Electronic International Standard Serial Number (EISSN)
1741-2846
abstract
The current static usage model of HPC systems is becoming increasingly inefficient. This is driven by the continuously growing complexity and heterogeneity of system architectures, in combination with the increased usage of coupled applications, the need for strong scaling with extreme scale parallelism, and the increasing reliance on complex and dynamic workflows. Therefore, we see a rise in research on malleable systems, middleware software and applications, which can adjust resources usage dynamically in order to extract a maximum of efficiency. By providing an intelligent global coordination of resources usage, through runtime scheduling of computation, network usage, and I/O across all components of the system architecture, malleable HPC systems can maximize the exploitation of their resources, while at the same time minimizing the makespan of applications in many, if not most, cases. Of particular concern is the emerging class of data-intensive applications and their interaction with classic simulation workloads, driven by the growing need to process extremely large datasets. However, uncoordinated file access in combination with limited bandwidth make the I/O system a serious bottleneck. Emerging multi-tier storage hierarchies come with the potential to remove this barrier, but maximizing performance still requires careful control to avoid congestion.

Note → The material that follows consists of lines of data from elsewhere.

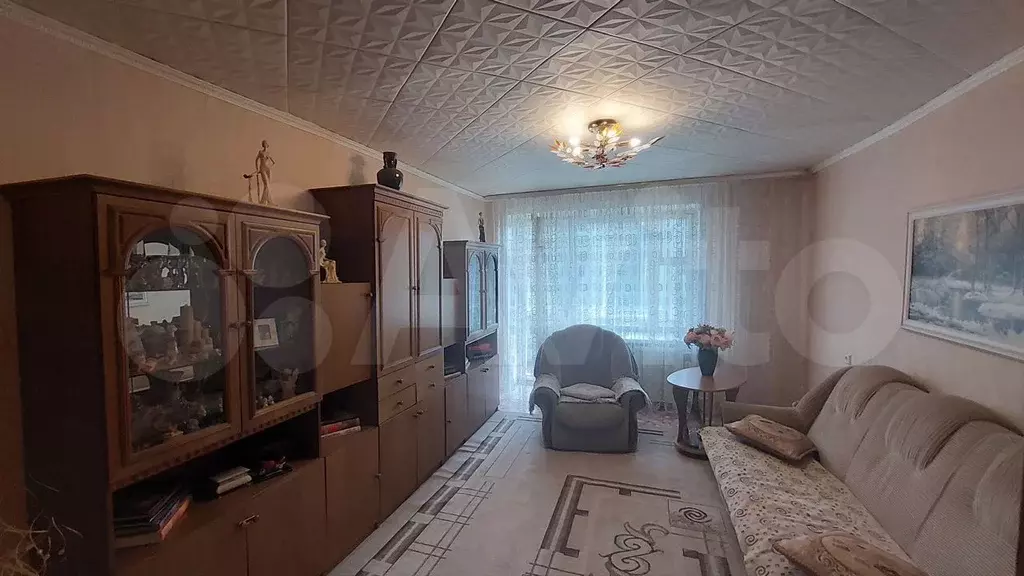 3-к. квартира, 61,2 м, 4/5 эт. - Фото 0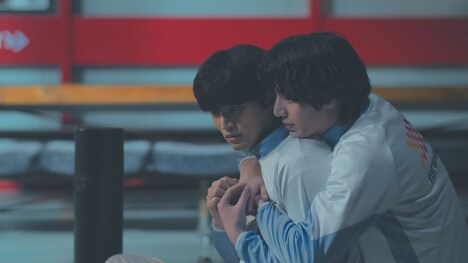 韓国BLドラマ「FC Soldout」場面写真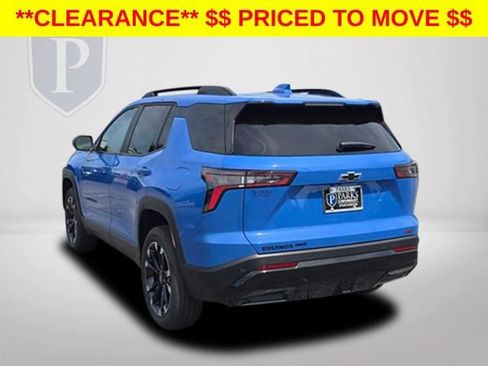New 2026 Chevrolet Equinox RS w/ Convenience Package III AWD/4WD image 9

Malleability allows systems to dynamically adjust the computation and storage needs of applications on the one side and the global system on the other. Such malleable systems, however, face a series of fundamental research challenges, including who initiates changes in resource availability or usage? How is it communicated? How to compute the optimal usage? How can applications cope with dynamically changing resources? What should malleable programming models and abstractions look like? How to design resource management frameworks for malleable systems? Which resources benefit from malleability, and which (if any) should still be managed statically?